Tu viens de dire que tu commençais à voir de plus en plus de filles dans le public des festivals. Est-ce que le fait d’être une femme guitariste te tient à cœur, en sachant qu’il y a une minorité de femmes dans le monde du rock ?

De plus en plus ! Avant, je ne pensais pas vraiment à ce genre de choses. Je me disais juste : « que tu sois une fille ou un garçon, tu fais ta musique, c’est pareil ». Mais, en fait, l’on se rend bien compte que ce n’est pas pareil, car tu n’es pas perçu pareil. C’est une cause qui me tient à cœur.

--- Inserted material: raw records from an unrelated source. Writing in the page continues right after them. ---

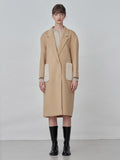 Cashmere Oversized Shearling Pocket Coat_Camel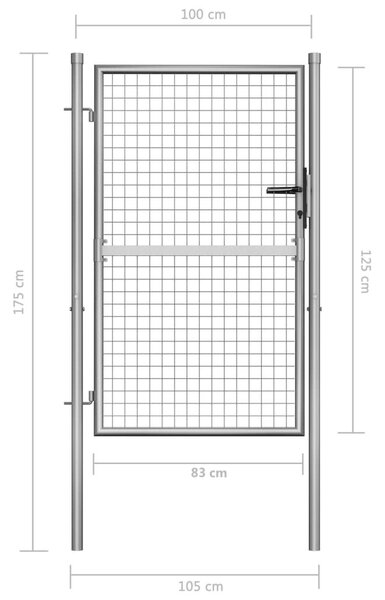 Πόρτα Περίφραξης Ασημί 105 x 175 εκ. από Γαλβανισμένο Χάλυβα - Ασήμι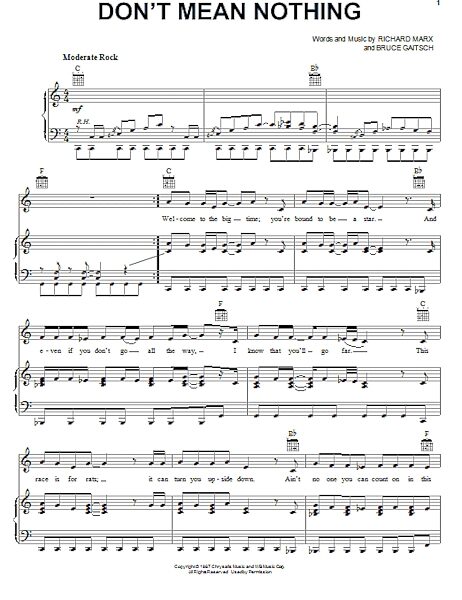 open zoom image for Don't Mean Nothing - Piano/Vocal/Guitar, New, Main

Je suis moi-même fan de pas mal de groupes avec des filles en frontwoman, et je suis contente de faire partie de tout ça. Je suis très flattée quand des filles plus ou moins jeunes viennent me voir à la fin des concerts pour me dire que je suis leur inspiration principale à la guitare. Ca fait vraiment super plaisir, et ça me motive à aller plus loin pour leur donner envie de continuer.

Est-ce que tu aurais des rêves musicaux à accomplir, par exemple un artiste fétiche avec lequel tu aimerais monter sur scène ?

Ce ne sont pas les groupes les plus connus du monde avec lesquels j’aimerais collaborer. Maintenant, mes influences ont un peu changé. Une de mes grandes inspirations dans le monde de la musique est Lzzy Hale de Halestorm, et si il pouvait se passer un truc sur scène avec elle ou une collaboration, je serais super contente. Maintenant, je n’ai plus vraiment d’idole, et je suis contente de partager la scène avec des personnes un peu moins connues.

Enfin, quels sont tes projets musicaux à venir ?

Nous sommes en tournée, mais ce n’est pas vraiment une tournée consécutive. Comme l’album est sorti en Mars 2017, nous avons entre une et trois dates par week-end. La semaine, on revient et on se repose. C’est un rythme un peu bizarre, mais au final ça nous convient. Actuellement,  nous sommes en train de préparer le deuxième album, que l’on devra enregistrer vers la fin de l’année, vers Octobre/Novembre. Il sortira début 2019. Nous avons également une petite tournée au Royaume-Uni qui se prépare pour la première moitié d’Octobre.